Academic Year 2004-2005
Ridwan Khan (Second Place) ESSAY:
LOOKING EAST:
THE CHALLENGES AND OPPORTUNITIES OF CHINESE ISLAM RIDWAN KHAN
1/23/05
Page 4/11
 
 

Zheng He’s story illustrates the changing position of Chinese Muslims during the Ming dynasty.  According to Donald Leslie they “changed from being ‘Muslims in China’ to ‘Chinese Muslims’” (Leslie 105).  He didn’t work for pan-Islamic interests.  Instead, most of He’s naval journeys were in service of the Chinese court.  On a more general level, one group of Chinese Muslims, the Hui, increased in Qingyang, Gansu, and Xian and spread into Yanan, Fengxiang, and Hanzhong provinces.  The spread of the Hui had unexpected results; the Persian and Arabic racial and cultural influence on Hui Islam became diluted as the Hui mixed more with the Han Chinese.  To keep Islam alive in their communities, the Hui were forced to translate the Qu’ran and other major Islamic texts from Arabic and Persian into Chinese.  The era saw new expressions of Islam in China as well; Sufi Islam came into China from India, as the Chinese scholar Zhang Zhong received instruction from the Sufi teacher Ashgar.  Islam was so pervasive during the era that the first Ming emperor even had eleven Muslims working as astronomers to reform the Chinese calendar and in 1368 proclaimed that “Semuren [another catch all term for Muslims] who were talented and able were to be chosen for official employment” (Dillon 28).  The 14th century traveler Ibn Battuta reports, “During my stay in [Ming] China, whenever I saw any Muslims I always felt as though I were meeting my own family and close kinsmen” (Dunn 258).  The reports travelers like Battuta brought back to the Middle East influenced on Islamic society as well; the story of Aladdin in The Arabian Nights, now emblematic of Arab culture, was originally set in a far off, mystical China.   
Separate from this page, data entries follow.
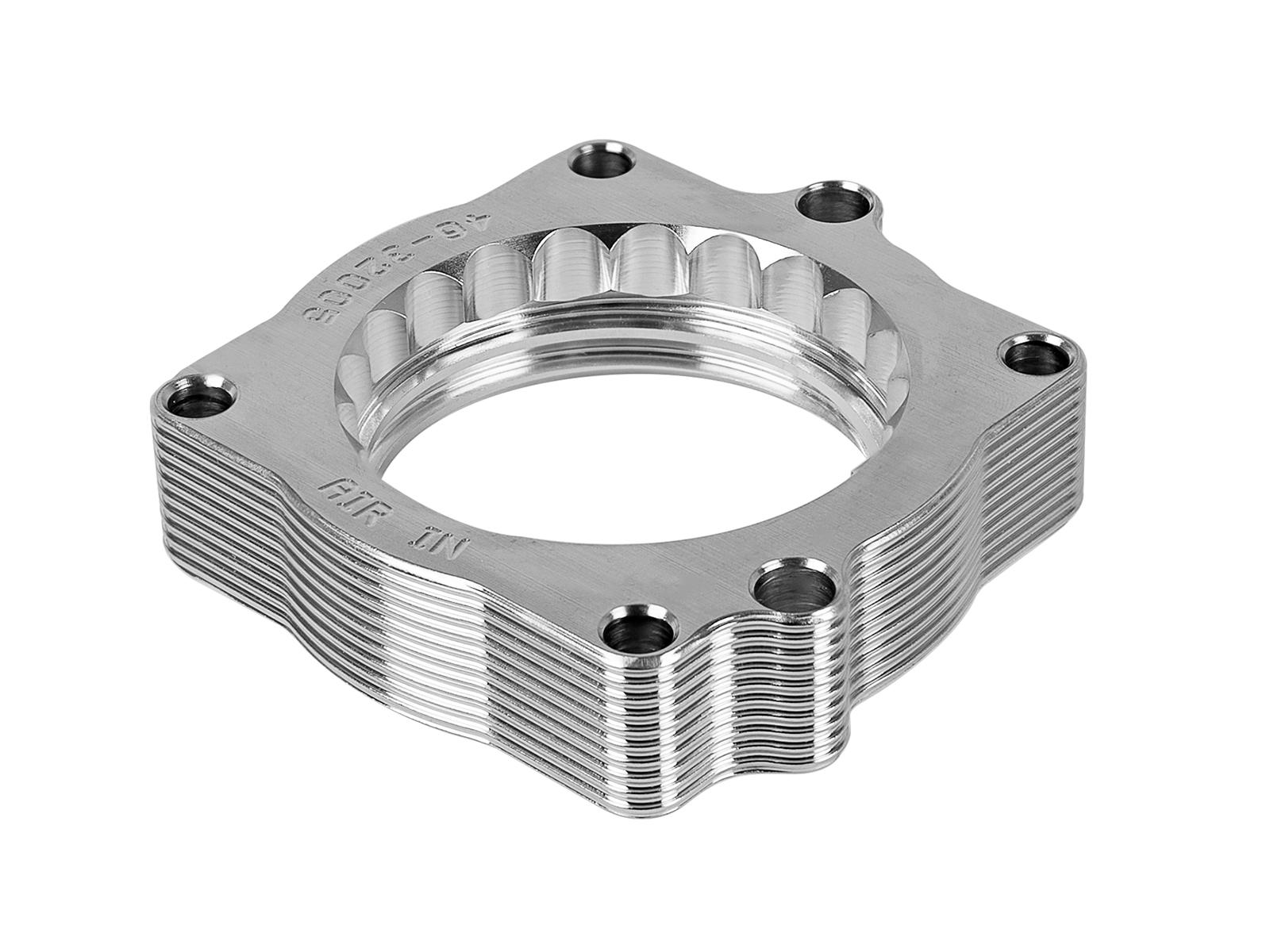 AFE Silver Bullet Throttle Body Spacer Kit - 46-32005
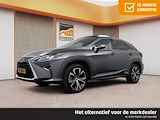 Lexus RX 450h HYBRID 4WD Luxury Line, NIEUWSTAAT! 12 MND GARANTIE - RIJKLAAR | Panorama | Leer | HUD | DAB+ | Navi | Afn.Trekhaak | Camera | Keyless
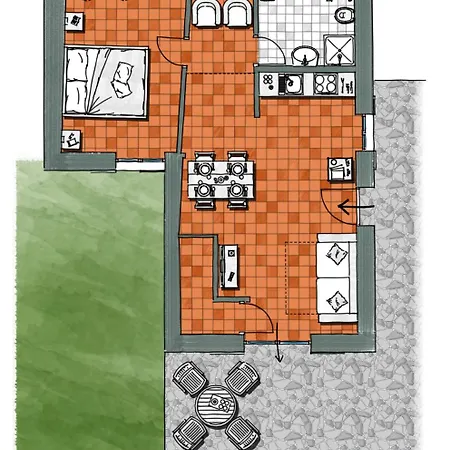 Casa Ruth Apartment *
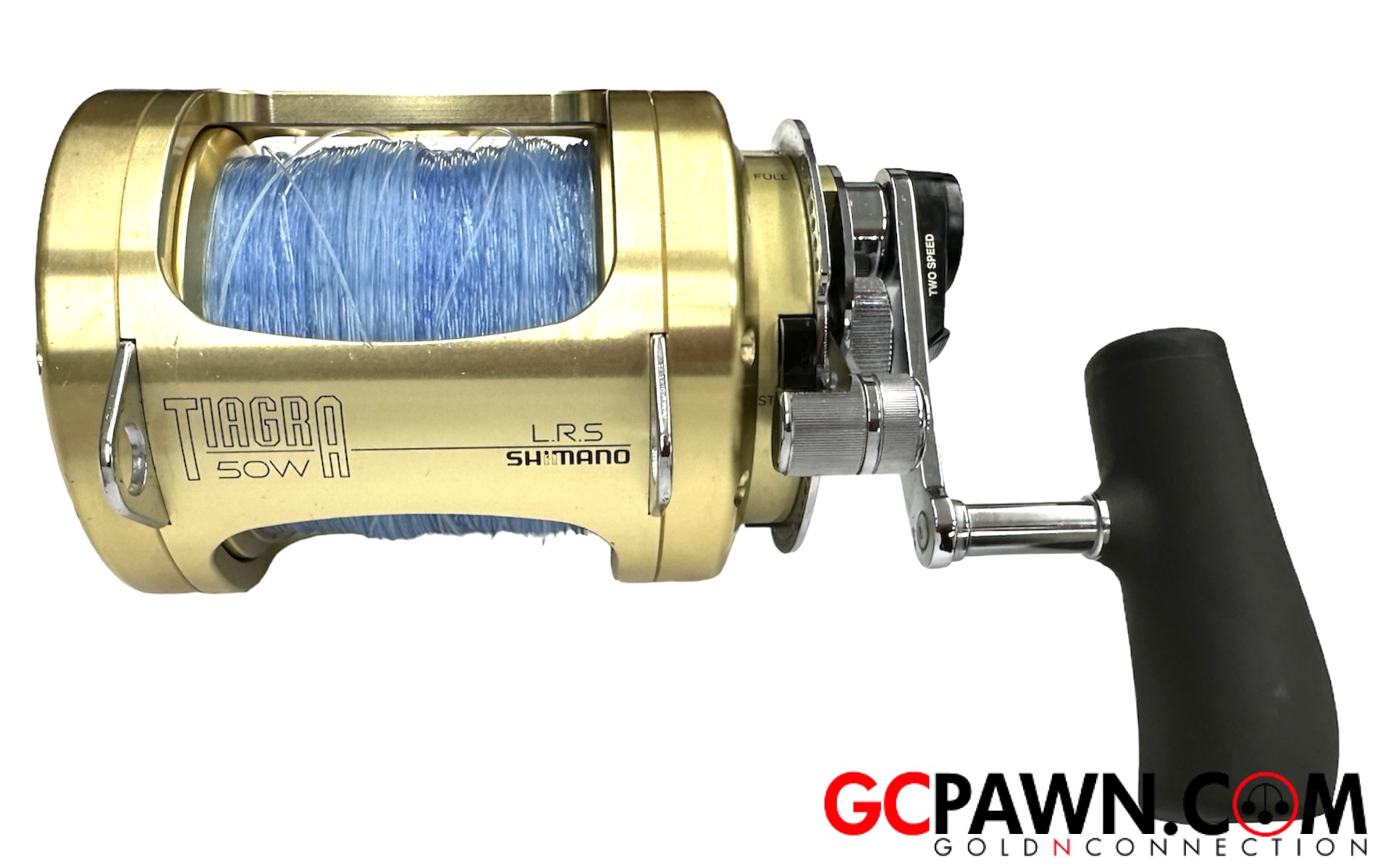 Shimano Reel Tiagra 50w LRS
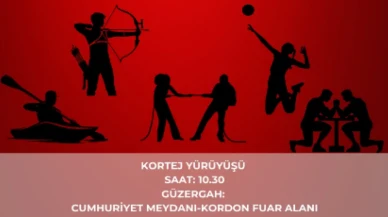Köyceğiz Amatör Spor Haftası Kortej Yürüyüşü: 10 Ekim’de Yapılacak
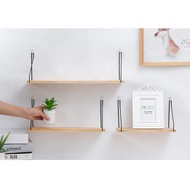 KAYU Wall Mounted Shelf/Minimalist Shelf / Wood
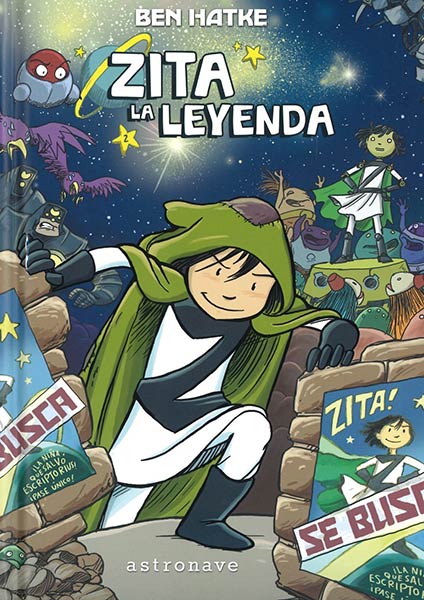 AVENTURAS DE ZITA 2 ZITA LA LEYENDA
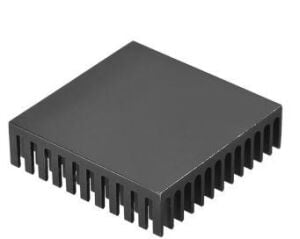 Alüminyum Soğutucu Heatsink 40x40 Peltier Uyumlu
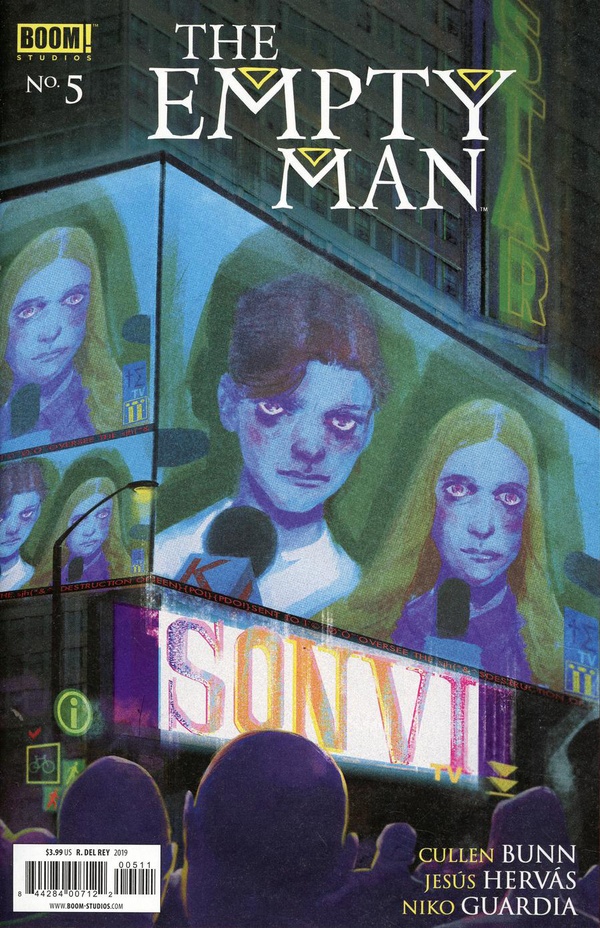 The Empty Man (2018) #5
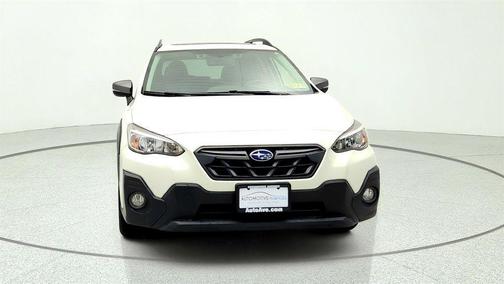 Crystal White Pearl 2021 Subaru Crosstrek Sport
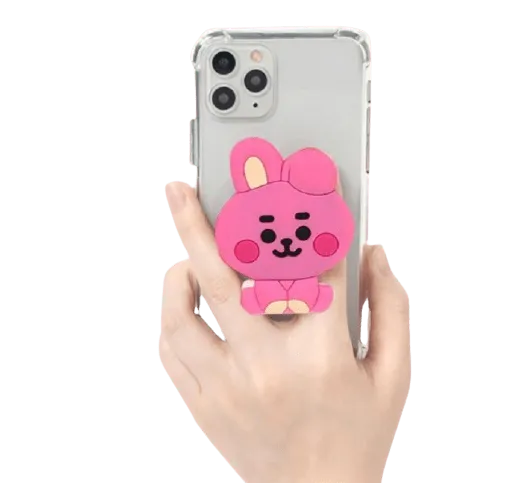 Support doigt telephone BT21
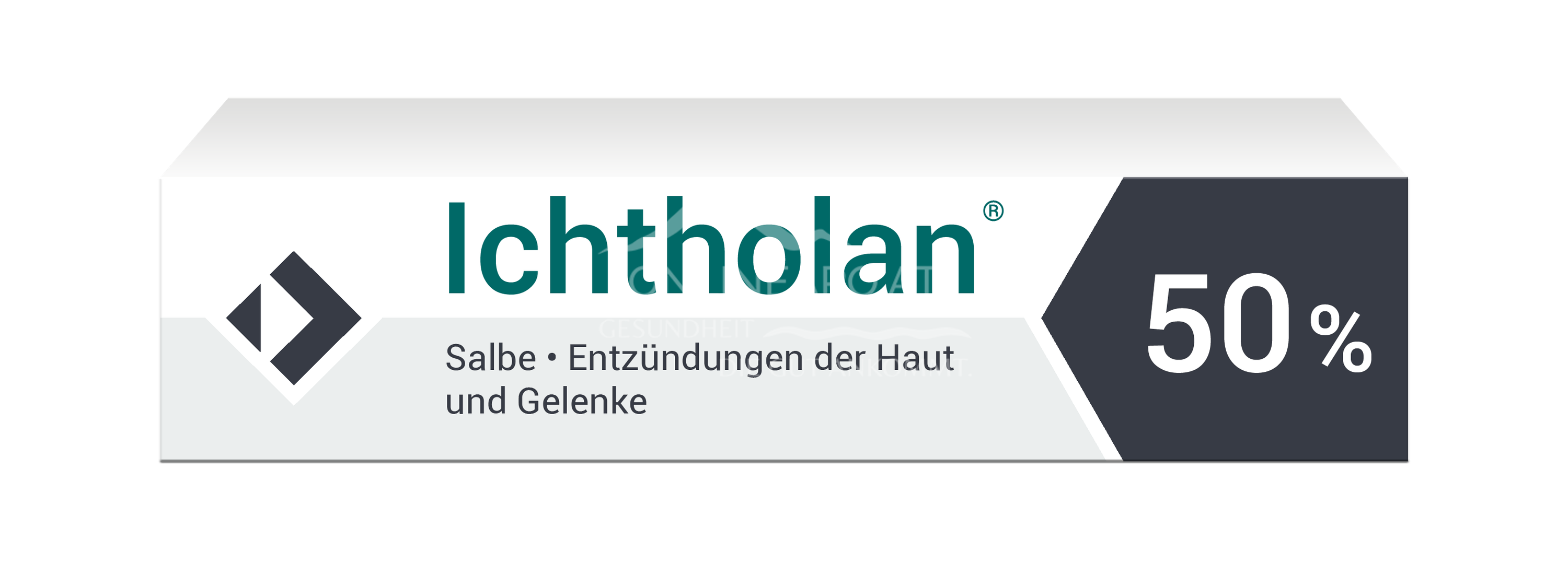 Ichtholan® 50 % Salbe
Especially interesting in the Ming dynasty is the Islamic scholarship conducted by Chinese Muslims.  The era saw Nanjing become an important center of Islamic study.  From there Wang Daiyu wrote Zhengjiao zhenquan (A Commentary on the Orthodox Faith), while his successor, Liu Zhi, translated Tianfang xingli (Islamic Philosophy) Tianfang dianli (Islamic Ritual) and Tianfang zhisheng shilu (The Last Prophet of Islam).  Another scholar, Hu Dengzhou started a rigorous Islamic school in Nanjing, which taught hadith, the Qu’ran, and Islamic law.  The school grew into a fourteen-course system, with classes in Arabic and Persian (Dillon 37).  Other provinces had different systems and different specializations; Lintao and Hezhou provinces had a three-tier educational system in which the youngest children learned the Arabic required for namaz and wudu, and then graduated to more advanced studies.  Shandong province became a center specialized in Persian texts.  As the Hui Muslim community became more diluted, Chinese scholars worked harder to translate texts into Chinese to “both provide more texts for Muslims [and]… to convince [the ruling Han elite] that Islam was not inferior to Confucianism” (Dillon 48).    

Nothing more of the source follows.